*RECORD SET*.

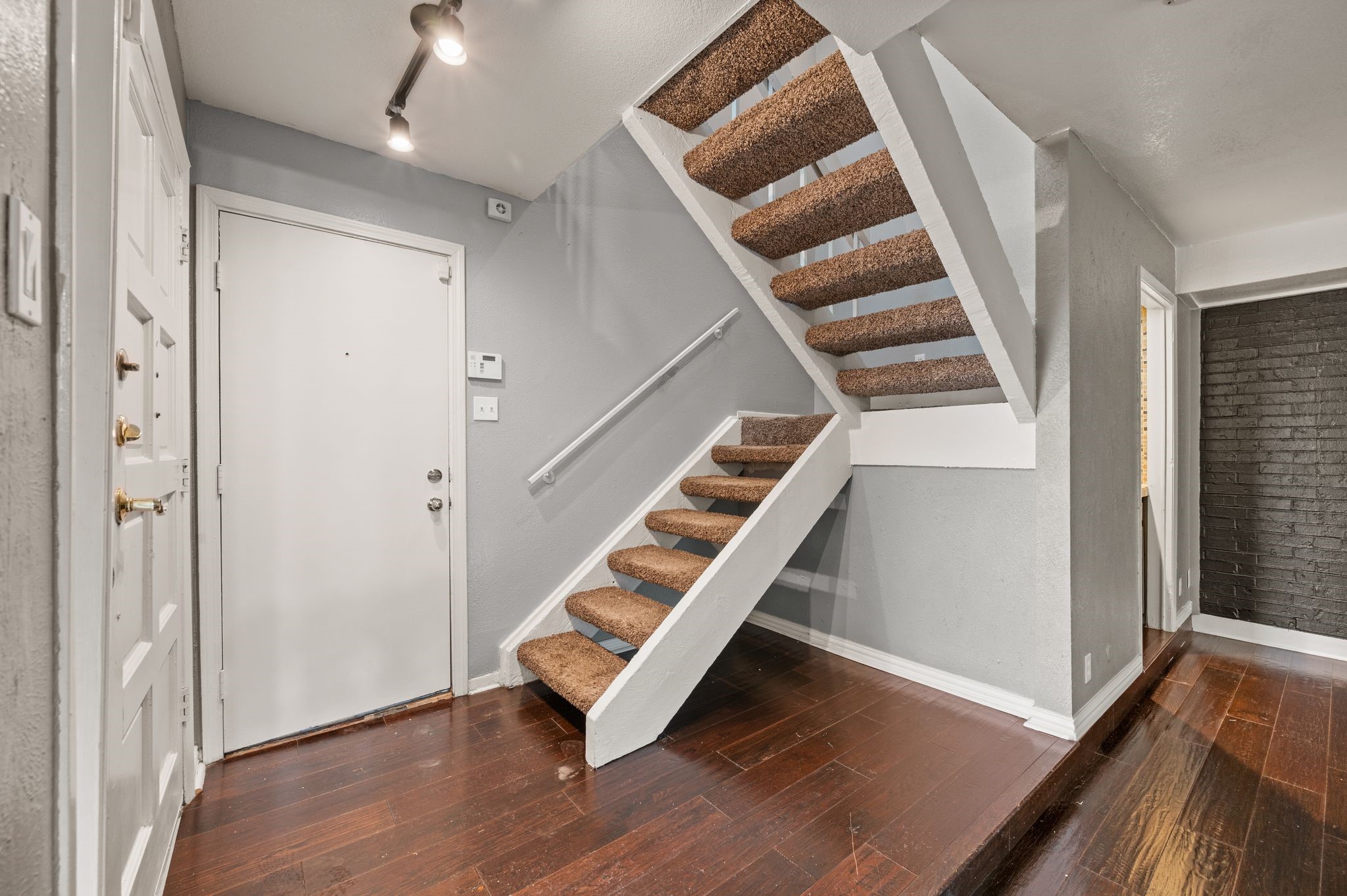 2900 Shady Lake Circle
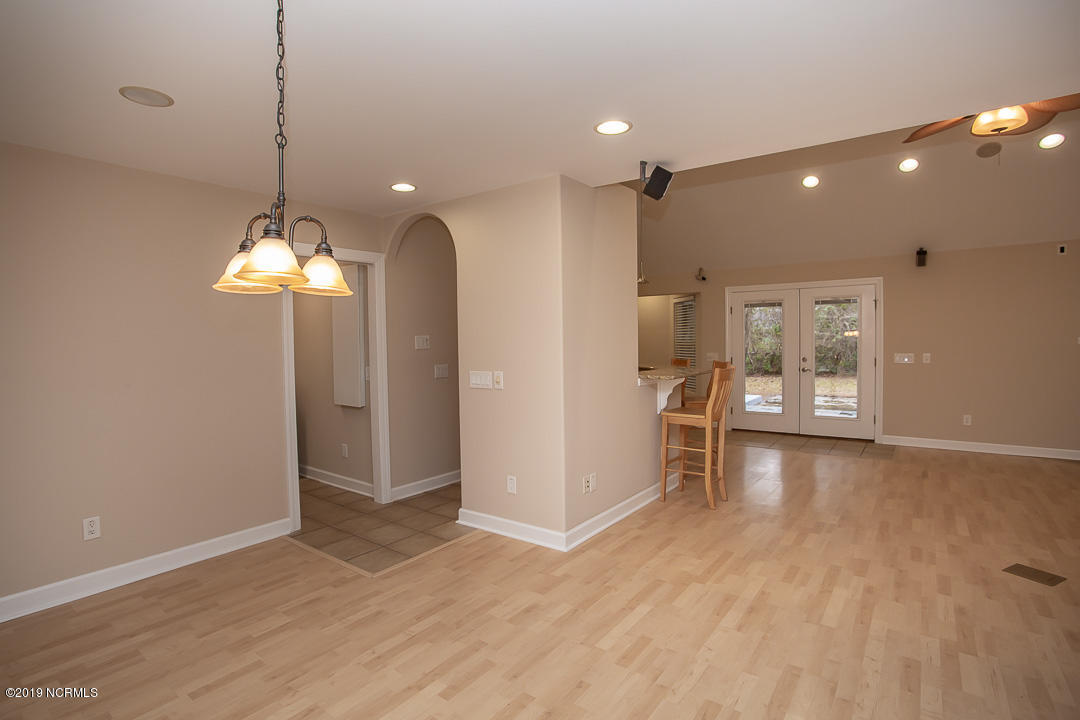 69 Persimmon Road Southwest Carolina Shores, NC 28467 - Photo 5 of 40 A22A0923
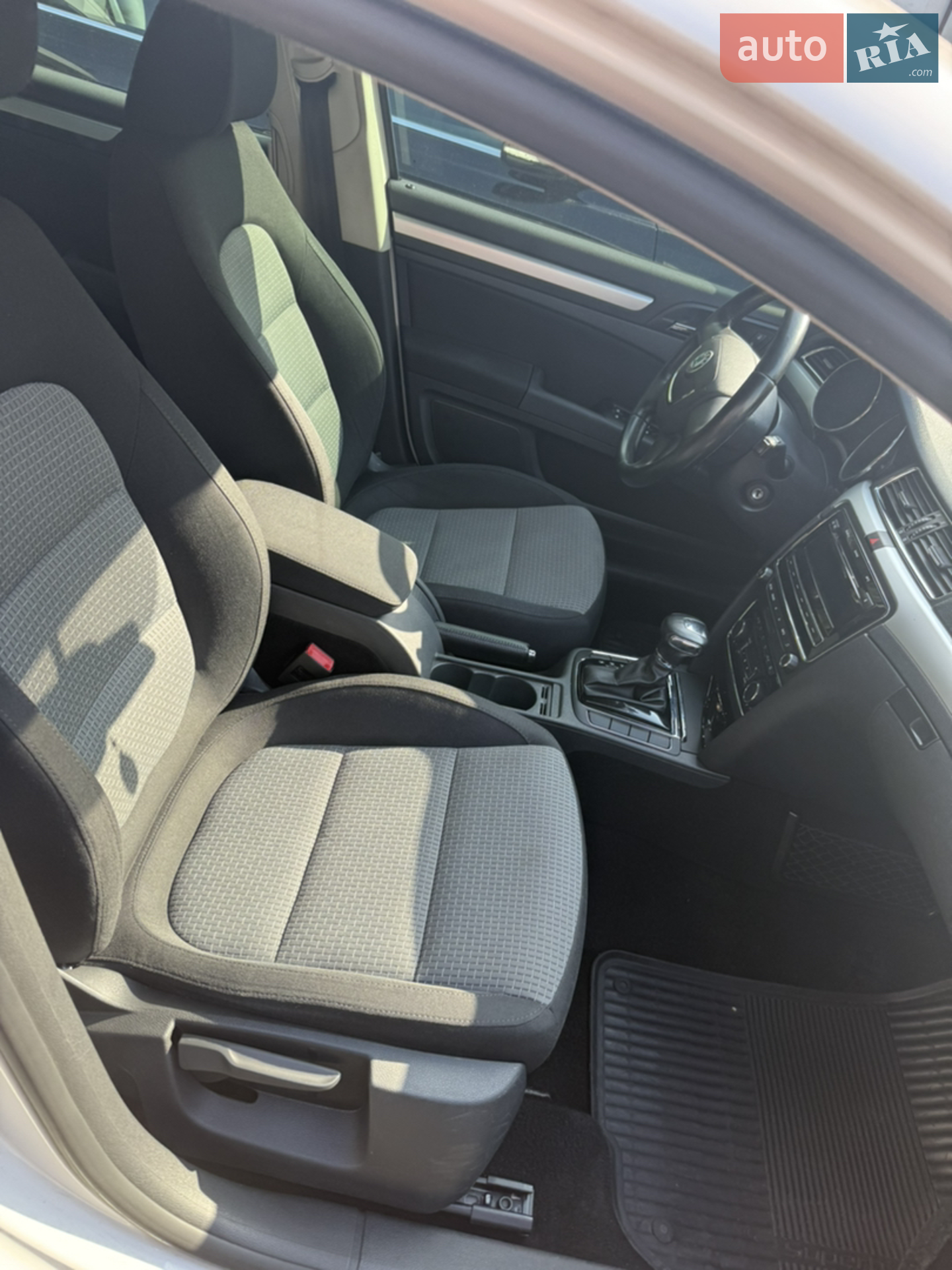 2012 Skoda Superb - мініатюра 17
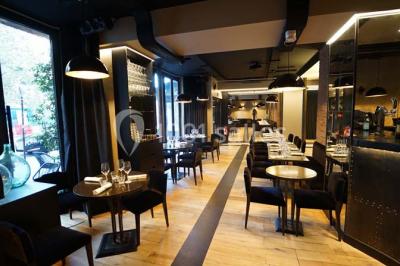 Assiettes individuelles de poisson sur sauce rouge, garnies de coriandre et de croûtons, servies sur un plateau.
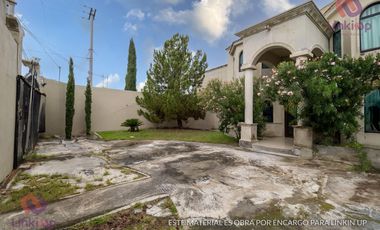 Casa con acabados de lujo alberca en Portal del Norte General Zuazua NL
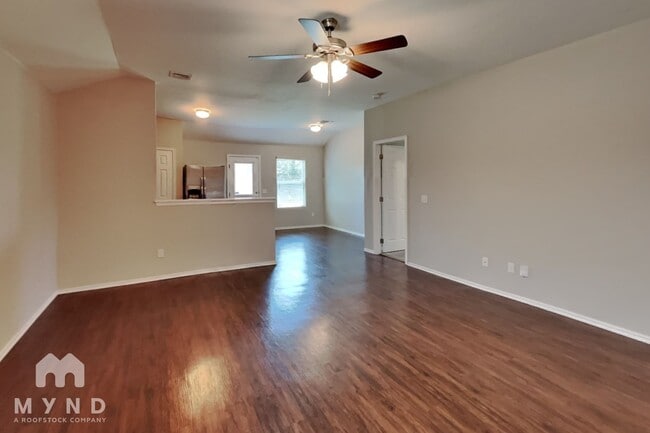 Photo - 1724 Lanesboro Dr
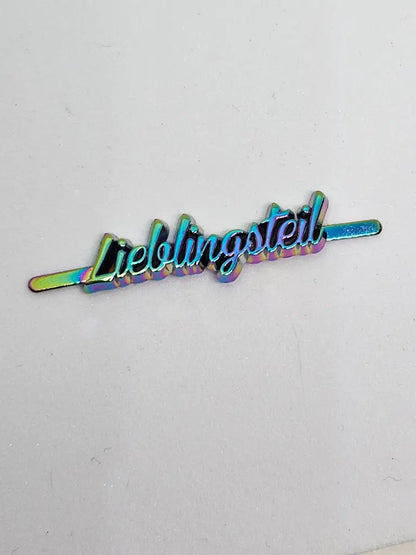 Metall Label ’Lieblingsteil’ Schreibschrift Rainbow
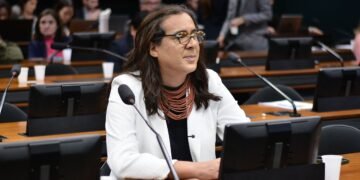 Parecer de Duda Salabert a projeto para aumentar a oferta de luz e internet em região carente é aprovado em comissão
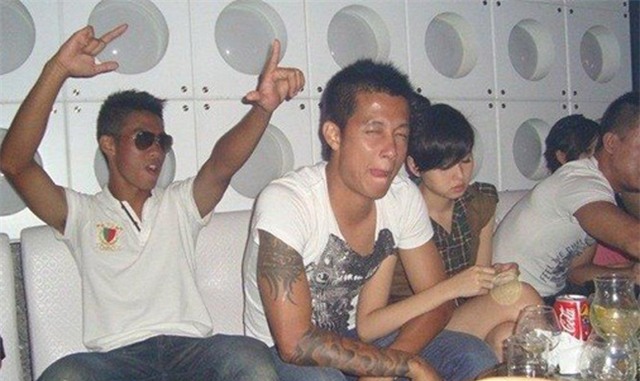 Bóng đá, cầu thủ Việt ăn chơi, bóng đá Việt Nam, cầu thủ cá độ, bán độ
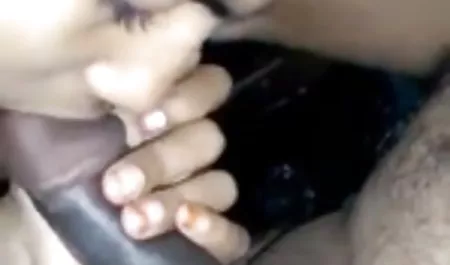 इसके छिद्रों की पड़ताल सेक्सी फिल्म हिंदी फुल एचडी करता है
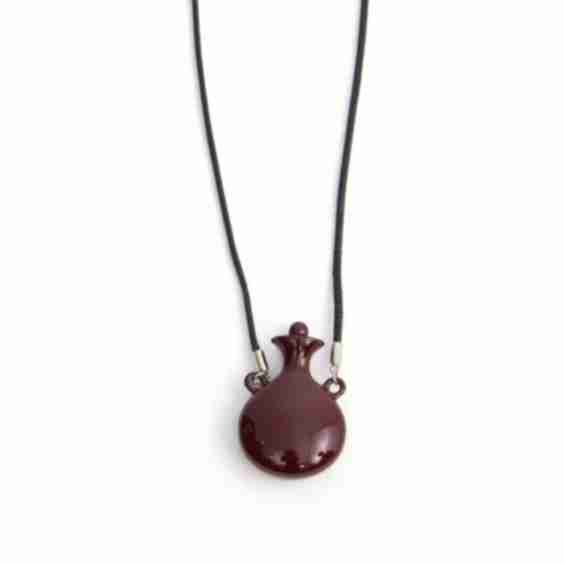 Flask-shaped Pendant Necklace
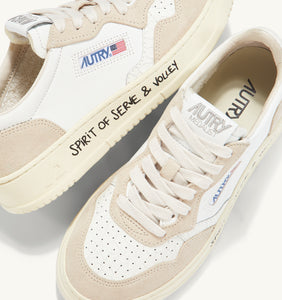 Autry Sneakers Medalist 01 Low Leather White VY01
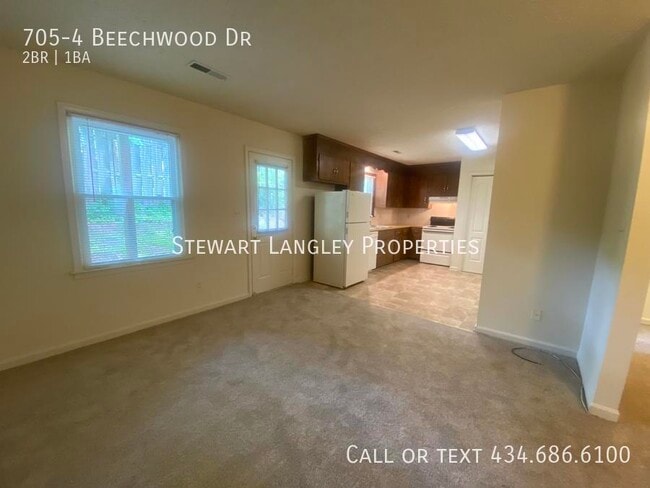 Building Photo - 705 Beechwood Dr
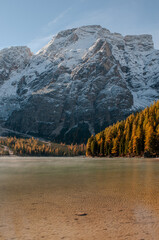 Pragser Wildsee (italienisch Lago di Braies) ist ein Bergsee im Pragser Tal in der Südtiroler Gemeinde Prags. Er liegt wenige Kilometer südlich des Hochpustertals zwischen Bruneck und Toblach 
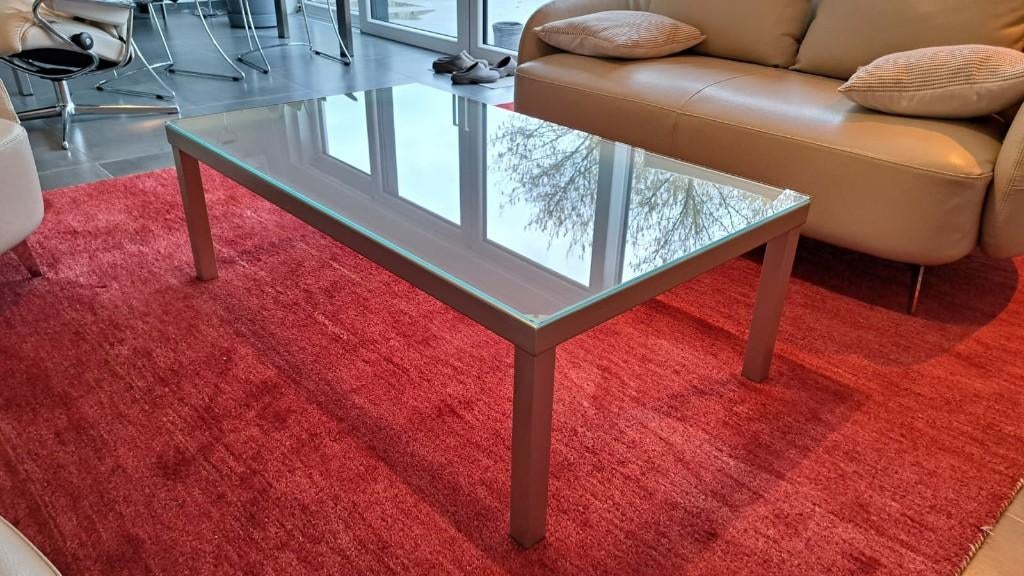 Table basse moderne avec plateau en verre - nouveau prix !, 100 à 150 cm, Moins de 50 cm, Verre, Comme neuf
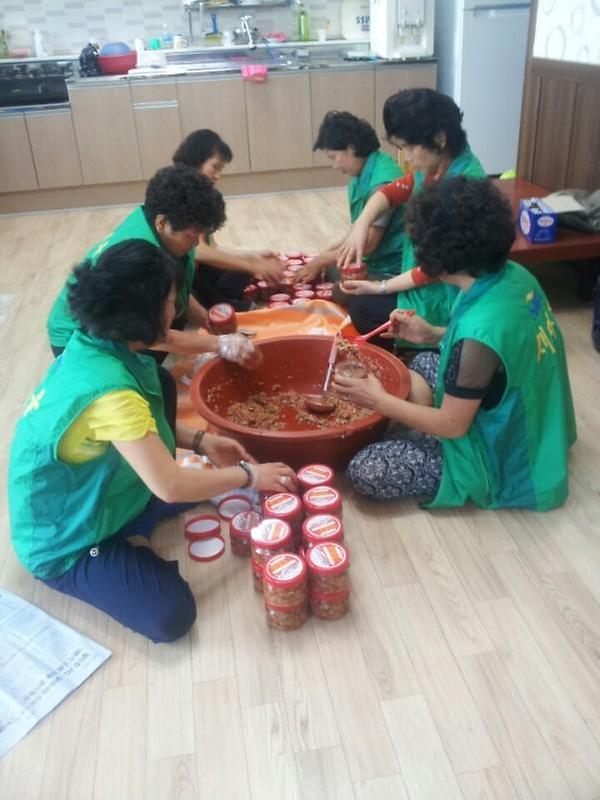 밑반찬나눠주기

*EXERCISE OBJECTIVE*.
Set down all records verbatim, omitting images.

*RESPONSE AREA*.
 2900 Shady Lake Circle
 69 Persimmon Road Southwest Carolina Shores, NC 28467 - Photo 5 of 40 A22A0923
 2012 Skoda Superb - мініатюра 17
 Assiettes individuelles de poisson sur sauce rouge, garnies de coriandre et de croûtons, servies sur un plateau.
 Casa con acabados de lujo alberca en Portal del Norte General Zuazua NL
 Photo - 1724 Lanesboro Dr
 Metall Label ’Lieblingsteil’ Schreibschrift Rainbow
 Parecer de Duda Salabert a projeto para aumentar a oferta de luz e internet em região carente é aprovado em comissão
 Bóng đá, cầu thủ Việt ăn chơi, bóng đá Việt Nam, cầu thủ cá độ, bán độ
 इसके छिद्रों की पड़ताल सेक्सी फिल्म हिंदी फुल एचडी करता है
 Flask-shaped Pendant Necklace
 Autry Sneakers Medalist 01 Low Leather White VY01
 Building Photo - 705 Beechwood Dr
 Pragser Wildsee (italienisch Lago di Braies) ist ein Bergsee im Pragser Tal in der Südtiroler Gemeinde Prags. Er liegt wenige Kilometer südlich des Hochpustertals zwischen Bruneck und Toblach 
 Table basse moderne avec plateau en verre - nouveau prix !, 100 à 150 cm, Moins de 50 cm, Verre, Comme neuf
 밑반찬나눠주기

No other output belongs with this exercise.